Description
I wonder if we could make outlier removal available in pipelines.
I tried implementing it for example using the IsolationForest but so far I couldn't solve it and I know why.
The problem boils down to fit_transform
only returning a transformed X
this suffices in the vast majority of cases, since we typically only throw away columns (think of a PCA). However, using outlier removal in a pipeline, we need to throw away rows of X
and y
during training and do nothing during testing. This is not supported so far. Essentially, we would need to turn the predict
function into some kind of transform
function during training.
Investigating the pipeline implementation shows, that fit_transform
is called if present during the fitting part of the pipeline, rather than fit(X, y).transform(X)
. Particularly, in a cross validation fit_transform
is only called during training. This would be perfect for outlier removal. However, it remains to do nothing in the test step.
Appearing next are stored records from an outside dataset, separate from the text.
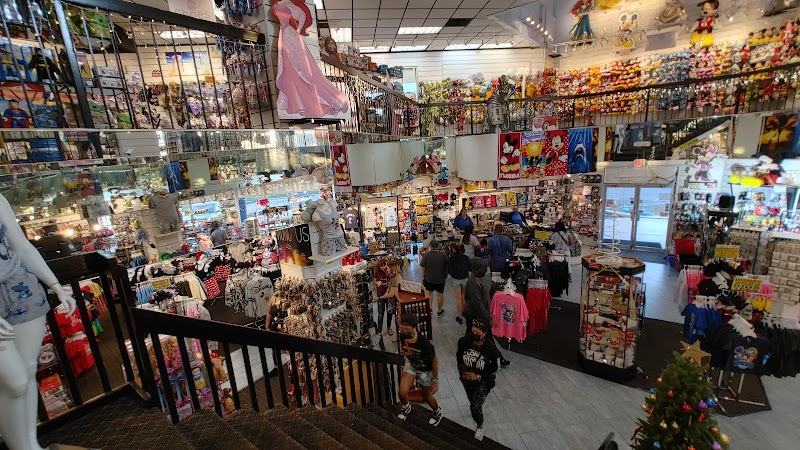 Studio West Gift Shop photo 2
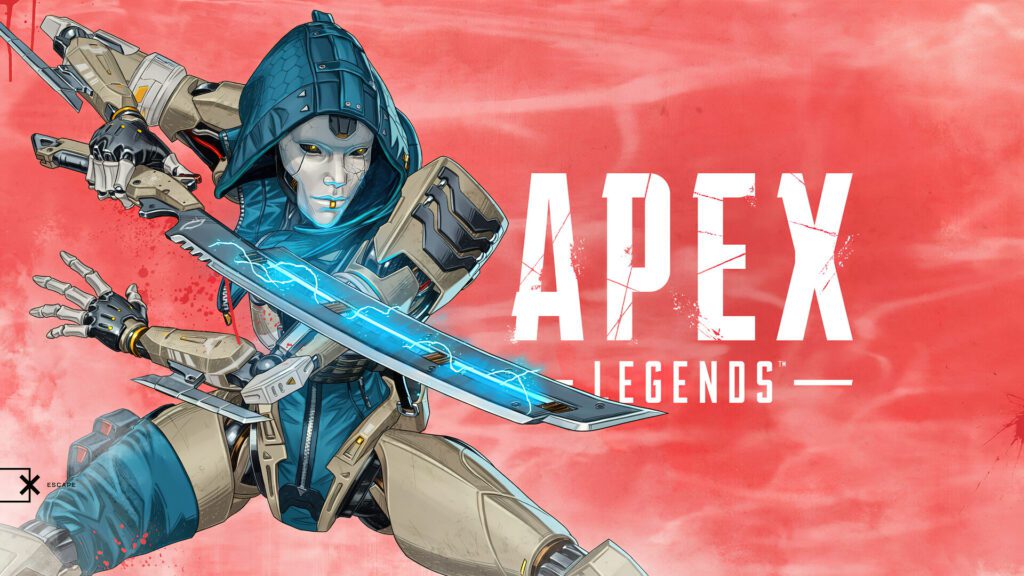 Apex Legends cross progression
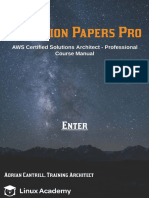 AWS_Orion Papers Pro - LinuxAcademy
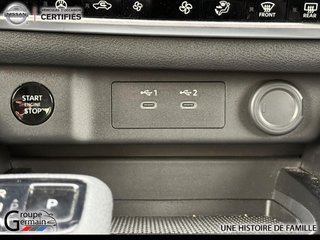2024 Nissan Rogue in Donnacona, Quebec - 17 - w320h240px
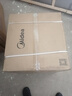 美的【國家補貼】微霸系列GC5嵌入式微蒸烤箱一體機家用蒸烤箱GS5同款多功能大熱風微蒸烤炸燉5合一55L 曬單實拍圖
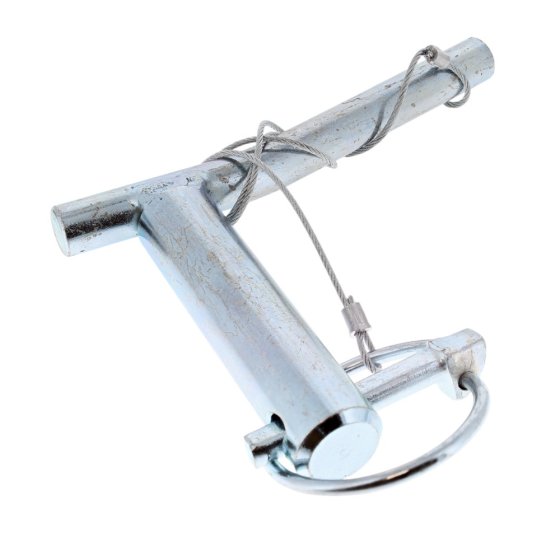 Rops Pin Assembly for Thwaites Mach 865, 866 Dumpers - T53876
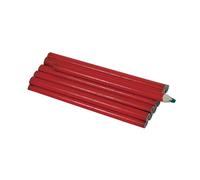 Neilsen CT0273 12Pcs Carpenters' Pencils - 7in. (175mm) Long, Sturdy and Practical for Woodworking and Construction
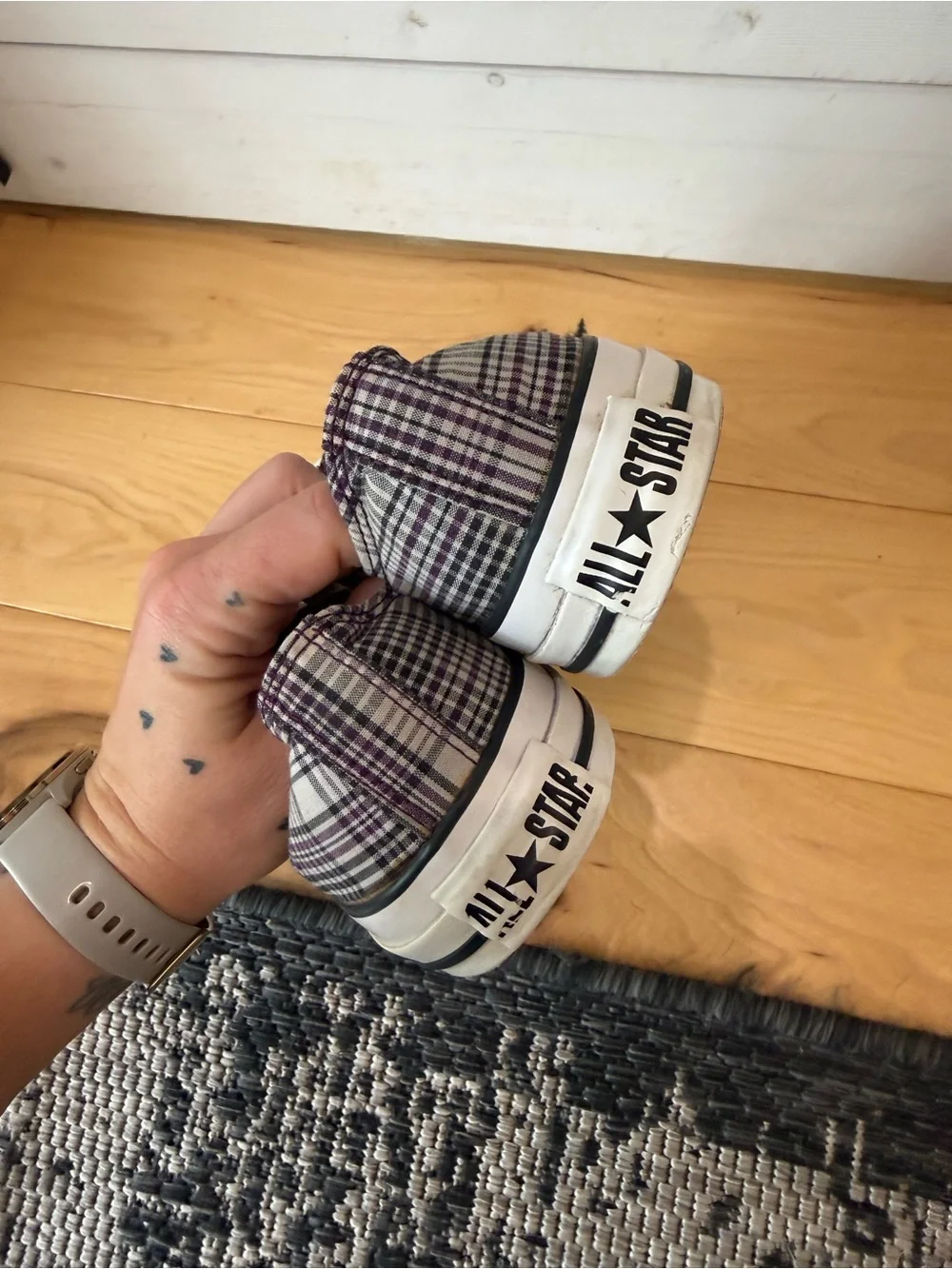 Converse Sneakers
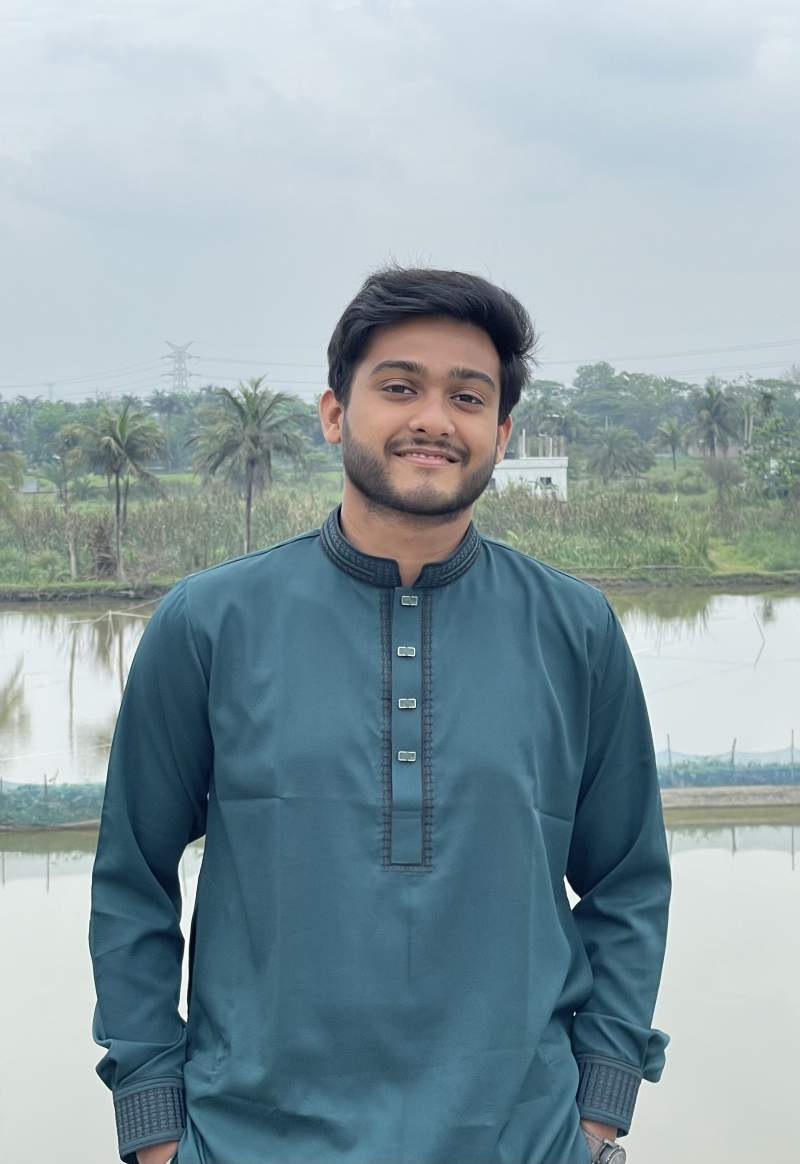 Sajid Arman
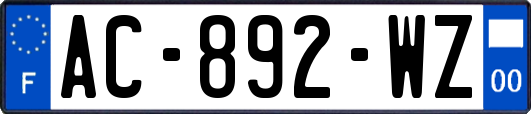 AC-892-WZ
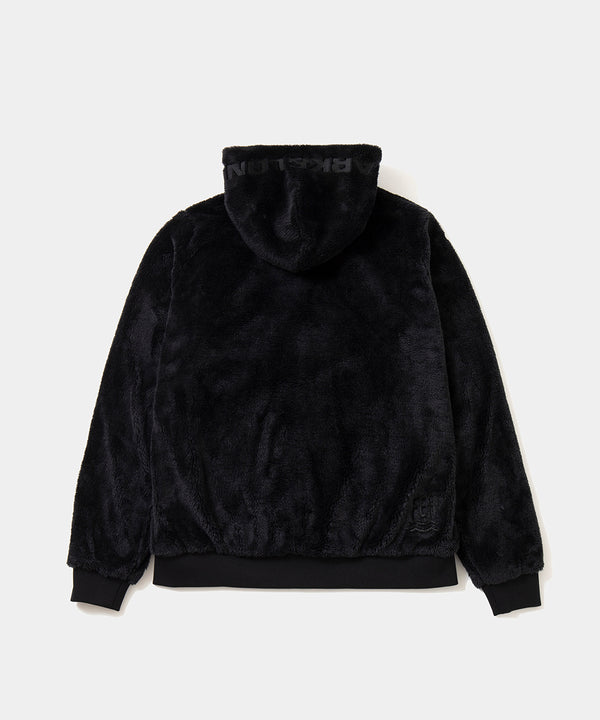 Swag Boa Fleece Hoodie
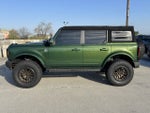 2023 Ford Bronco Outer Banks High Pkg. | Wireless CarPlay | 4WD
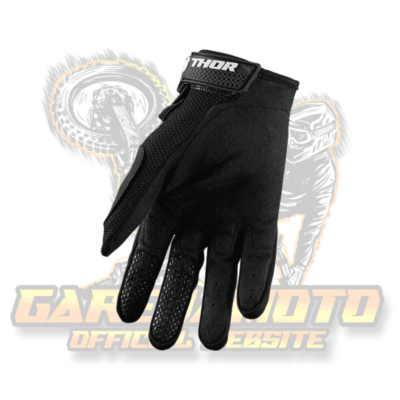 THOR – Sector Gloves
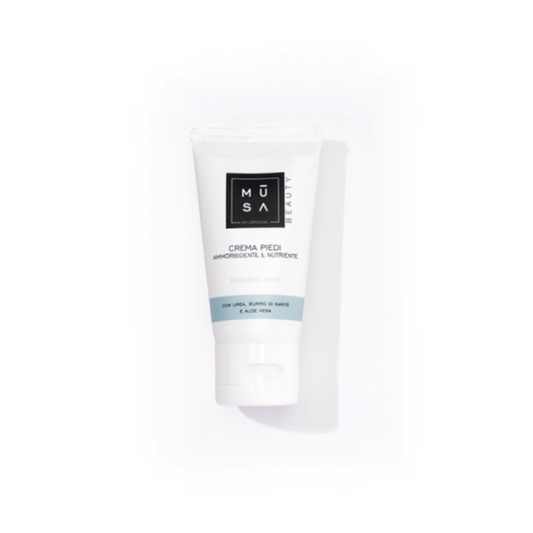 Musa Foot Cream 50ml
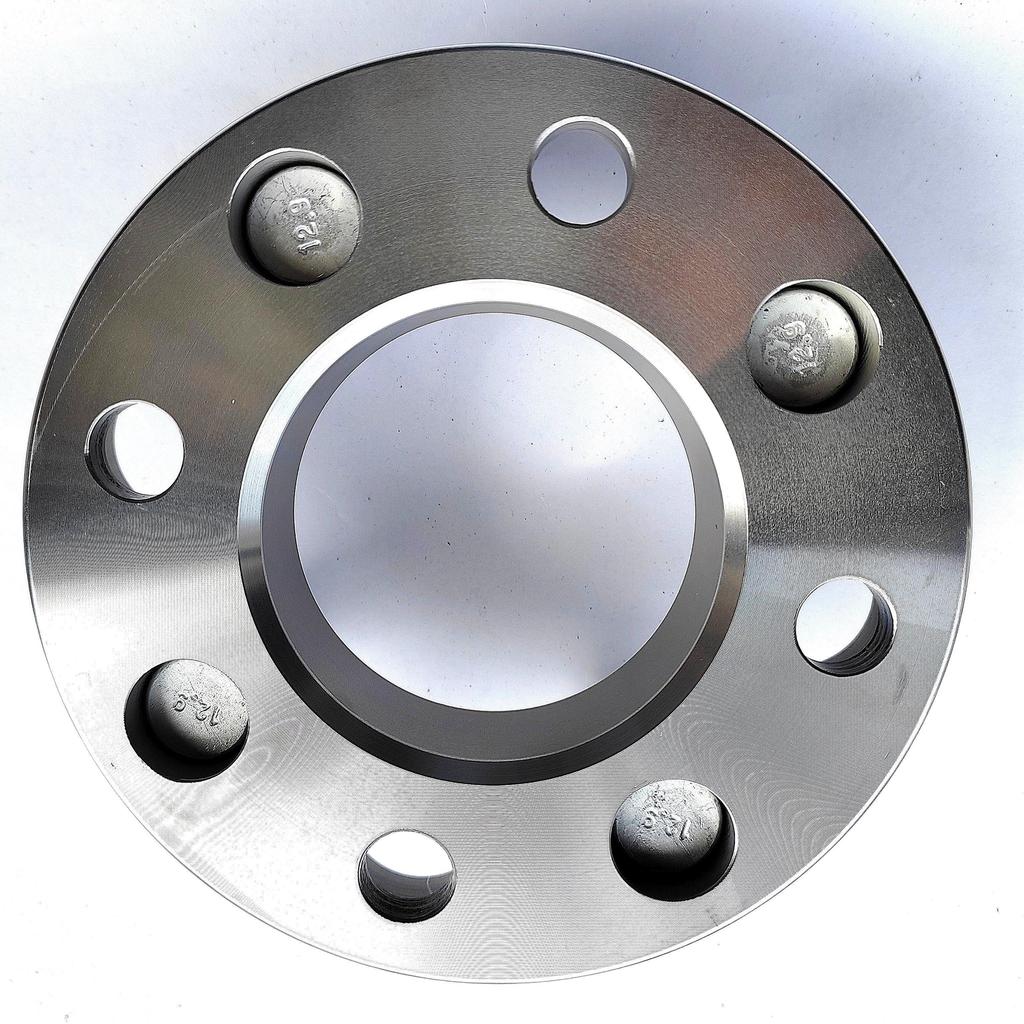 High Quality 15|20MM 0.6|0.8inches THICK 4x100 67.1MM C.B WHEEL SPACER 12X1.5 for Honda Fit| Hyundai Accent| Kia Rio| Mitsubishi Tire Chucks 1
But to this end we can simply implement a "do-nothing" transform
-function.
The most direct way to implement this, would be an API-change of the TransformerMixin-class, unfortunately.
So my questions are:
Would it be interesting to contain feature removal in pipelines?
Are there other more suitable ideas of implementing this feature in a pipeline?
If the content of this question is somehow inapropriate (e.g. since I'm only an active user, not an active developer of the project) or at the wrong place, feel free to remove the thread.